1. Shaders:
I was planning to dig into shaders these two weeks but many other works (the other three parts below) came in and I only had enough time to deal with lighting shaders, which is a core mechanic in this game that I really care about. In order to have gems in the hall to guide your path, you have to make the gems shine up the whole area, which is achieved by point lights, a lot of point lights. Since each gem has a point light, this kind amount of point light would kill the performance because the renderer would recalculate the whole scene for each new spot light added in if you are using a simple light shader. After searching a lot of tutorials, I found and used a prelighting renderer, which use a normal and depth shader to output these two values from the models in the scene, then use these two values as an input to draw a light map using a lot of sphere models (the number depends on how many point lights you have), and finally use the light map to draw the scene. So in this case, you don't have to do any math for lighting if your scene is not changed, which really speeds up the game a lot. I also added a blood-red fog effect into the scene, which is really easy (All you have to do is change the pixel shader, add a amount of fog color to the output color, the amount is determined by the distance of the object from the fog start point.). And this is what the game looks right now:
2. Models and Textures:
I think I don't have to address how important graphics is to 3D games, that's why I spent more than half a week fixing, adding the models and attach textures to them. I don't know if it's a Maya to 3DsMax thing, every time I load Nathan's model into 3DsMax, all the normals of the polys are really messed up, which takes a lot of time to fix. And in order to add more castle feelings to the scene, I added a throne and a bunch of banners in. I also changed the sword model since the last one was too simple and copy-paste a few half walls Nathan made (to form a maze) between the pillars according to the design we had originally in a few sections to make the game a little bit more challenging.
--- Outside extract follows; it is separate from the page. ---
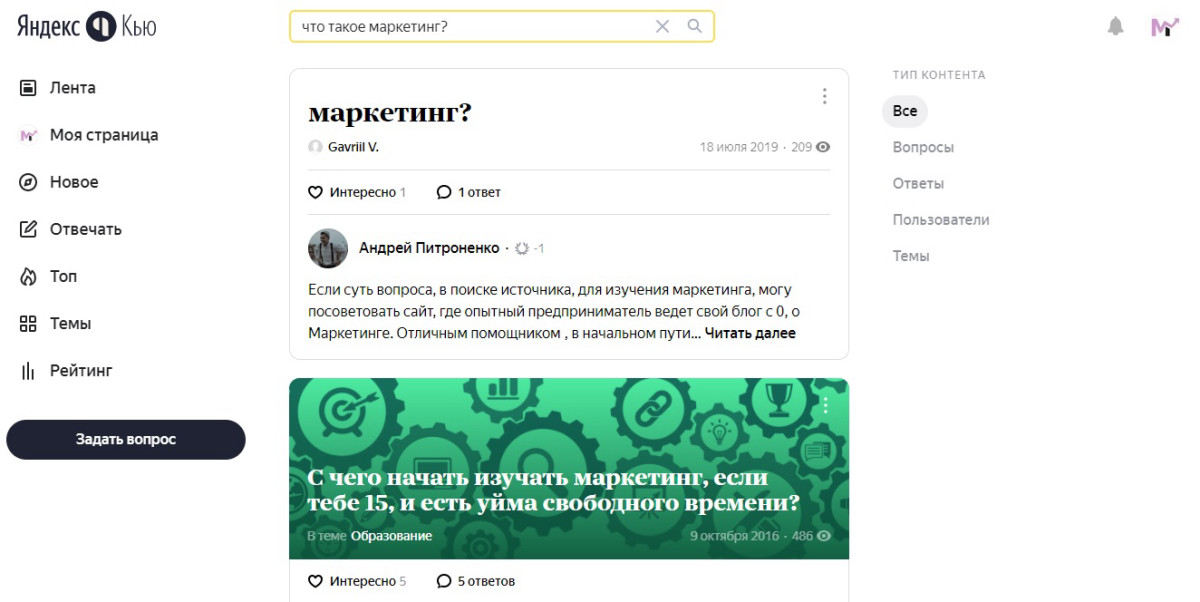 Сервис ответов на вопросы Яндекс.Кью
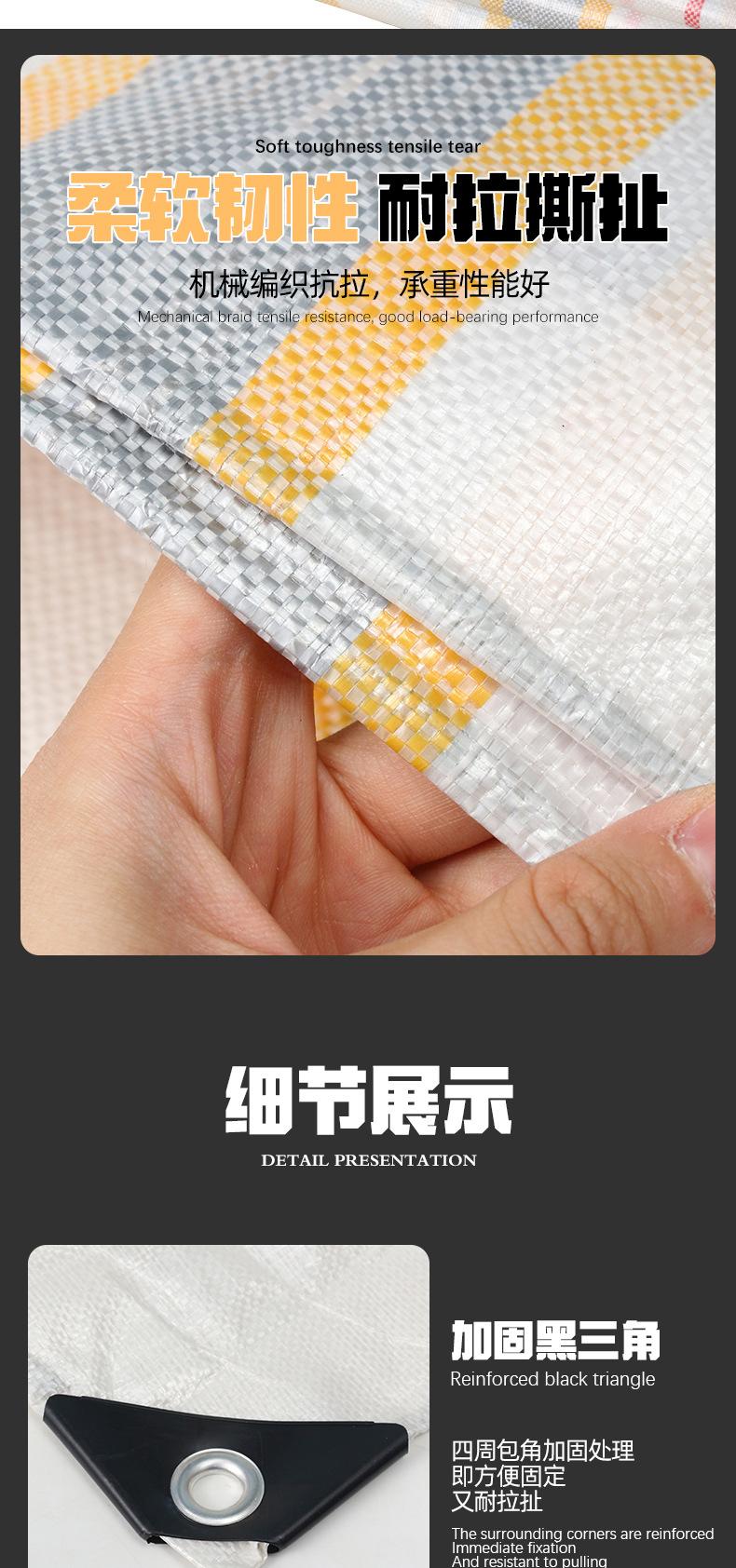 金包银篷布_06.jpg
But the hard part is texturing. In order to have a dark-medieval theme, you have to be really careful to choose the textures. It can't be to bright or it will destroy the feeling, but it also can't be too dark cause it will reduce the dignified bearing of the throne hall when it's hard to see which will also make the game hard to play. This kind of textures are hard to find on the internet and I'm really not good at making fancy textures myself. Tiling has also become a issue cause many ploys have irregular shapes and they make textures looking really bad.